Cada persona tiene un microbioma diferente, incluso en gemelos idénticos, es como si se tratase de un carné de identidad único, la flora bacteriana es un elemento importante para gozar de una buena salud, pero su formación está condicionada por muchos factores, y la mayoría son desconocidos, por ello es tan importante entender el por qué de su formación y por qué somos tan diferentes.

En esta investigación realizada con roedores de laboratorio genéticamente idénticos, se introdujeron en crías recién nacidas distintas comunidades microbianas en el tracto intestinal. Los resultados mostraron que a medida que los roedores crecían, su microbioma era más similar al primero adquirido. En total se utilizaron cuatro grupos bacterianos, se constató que estos primeros microorganismos tenían un mayor nivel de persistencia e influencia sobre el desarrollo del microbioma intestinal, de ahí que sea tan importante el tipo de bacterias que colonizan el tracto digestivo tras el nacimiento.

Este descubrimiento es muy importante y supone un paso más para comprender cómo se puede alterar el microbioma en los bebés debido, por ejemplo, a un parto por cesárea, a la administración de antibióticos, etc., procedimientos que alterarían el microbioma y como consecuencia se incrementaría el riesgo de sufrir enfermedades crónicas. Una intervención temprana podría reducir ese riesgo, si se determina cómo se desarrolla un microbioma concreto, se puede tener una idea más clara de cómo alterarlo potencialmente como parte de una estrategia para evitar las enfermedades mencionadas.

Al contar con un microbioma intestinal en el que las bacterias beneficiosas fueran mayoría, se estaría hablando de un microbioma promotor de la salud, comunidad bacteriana que se podría establecer mediante su introducción tras el nacimiento. Los expertos comentan que, si bien la alimentación de fórmula para bebés y niños pequeños suplementada con probióticos ya intenta hacer eso (establecer una comunidad bacteriana beneficiosa), es necesario saber más sobre cómo los probióticos afectan a otros miembros de la comunidad bacteriana del intestino, eso daría la posibilidad de mejorar la flora y, por tanto, la salud a largo plazo.

Como ya hemos comentado en otras ocasiones en Pequelia, la configuración de la flora bacteriana es muy importante, de ahí que, por ejemplo, se recomiende el parto natural, la alimentación con leche materna, etc. Pero en el caso de bebés que forzosamente deben nacer por cesárea, tomar antibióticos, no poder ser amamantados… es necesario diseñar una estrategia para lograr que puedan contar con un microbioma saludable que proteja a los pequeños y les proporcione salud a lo largo de la vida.
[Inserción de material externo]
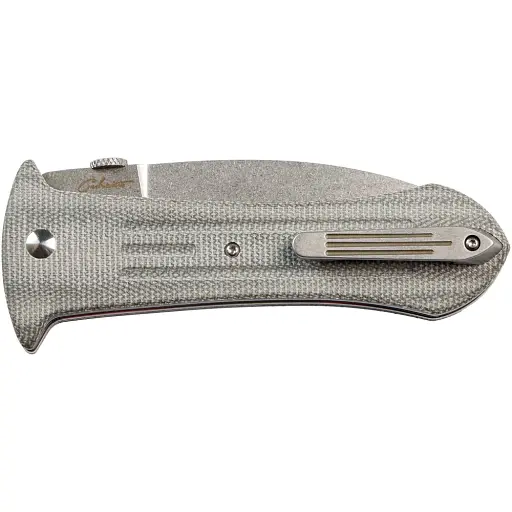 Нож Boker Plus Pocket Smatchet - фото 4
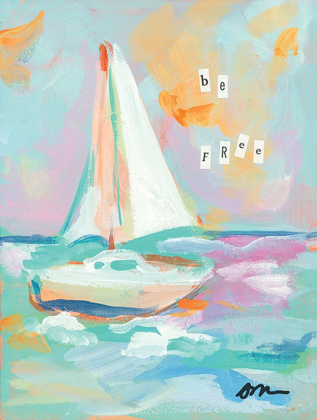 Picture of SAILBOAT II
El estudio es interesante, aunque lo cierto es que aún pasarán bastantes años hasta contar con resultados positivos, de hecho, los expertos creen que aún tendrán que pasar algunas décadas hasta conseguir que el sistema digestivo de un bebé sea colonizado con bacterias específicas que configuren una flora intestinal beneficiosa. Podéis conocer más detalles de la investigación a través de este artículo publicado en eLife.